Nessa reinvenção, escuta e curiosidade são ferramentas tão importantes quanto os livros didáticos. Conhecer os alunos é um ato pedagógico. Não basta saber o nome, é preciso saber do que riem, com o que se entristecem, como se expressam. Um aluno que não fala, por exemplo, pode ter muito a dizer — se o educador estiver disposto a escutar com outros sentidos. A Língua Brasileira de Sinais, os recursos de comunicação alternativa, as tecnologias assistivas são pontes, mas só funcionam se a escuta for genuína.

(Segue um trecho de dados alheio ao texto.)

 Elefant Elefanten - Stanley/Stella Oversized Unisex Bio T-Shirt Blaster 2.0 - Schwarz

Essa escuta exige formação, sim, mas também exige ética. Não se trata apenas de participar de cursos ou acumular certificados. Trata-se de cultivar um olhar sensível, capaz de reconhecer que a diferença não é um obstáculo à aprendizagem, mas sua condição. O filósofo francês Jacques Rancière, ao refletir sobre a ideia de emancipação intelectual, defende que todo ser humano é igualmente inteligente — o que muda são os caminhos que se percorrem para aprender. Um educador inclusivo parte dessa premissa: todos podem aprender, desde que lhes sejam garantidos os meios adequados.

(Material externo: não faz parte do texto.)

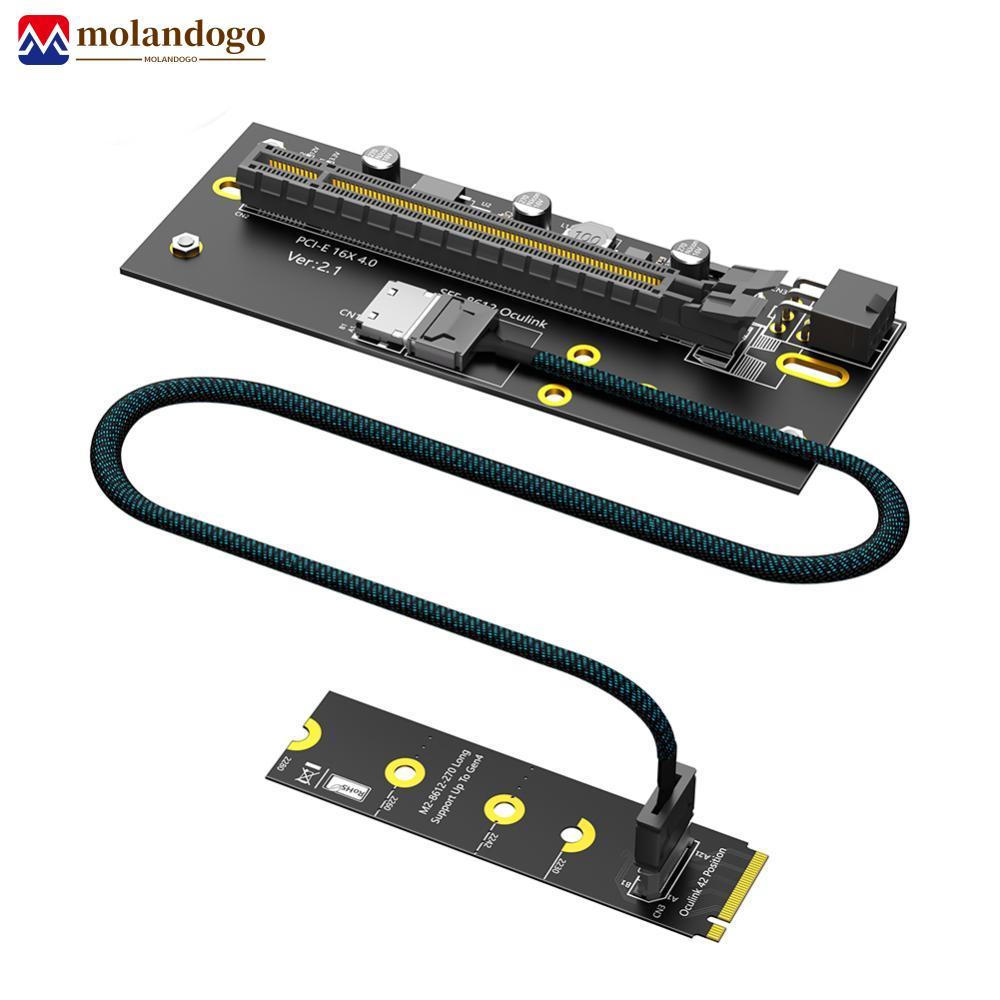 Milandogo M . 2-Key 2242/2260/2280 Para PCI-e 4.0 X16 Com Cabo De Extensão Oculink SFF-8612 Como Placa Gráfica Externa O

Mas esses meios não brotam do improviso ou da boa vontade. Eles exigem trabalho coletivo. A inclusão não é uma responsabilidade individual do professor, mas uma construção institucional. Uma escola que se pretende inclusiva precisa revisar seus currículos, flexibilizar suas práticas avaliativas, acolher as famílias como parceiras e investir em equipe multidisciplinar. Quando uma criança é excluída da experiência escolar — seja por barreiras físicas, comunicacionais ou simbólicas — o que fracassa não é o aluno, mas o projeto de educação.
E, no entanto, mesmo diante de tantas exigências, ser um educador inclusivo é, paradoxalmente, um dos caminhos mais potentes de reencontro com o sentido do ensinar. É nas pequenas vitórias — o aluno que finalmente lê em voz alta, o que compreende um conteúdo porque você usou um recurso visual, o que se sente respeitado pela primeira vez — que o professor redescobre a alegria pedagógica. Porque quando a escola acolhe a diferença, ela se humaniza. E educar, no fim das contas, é um gesto de humanidade.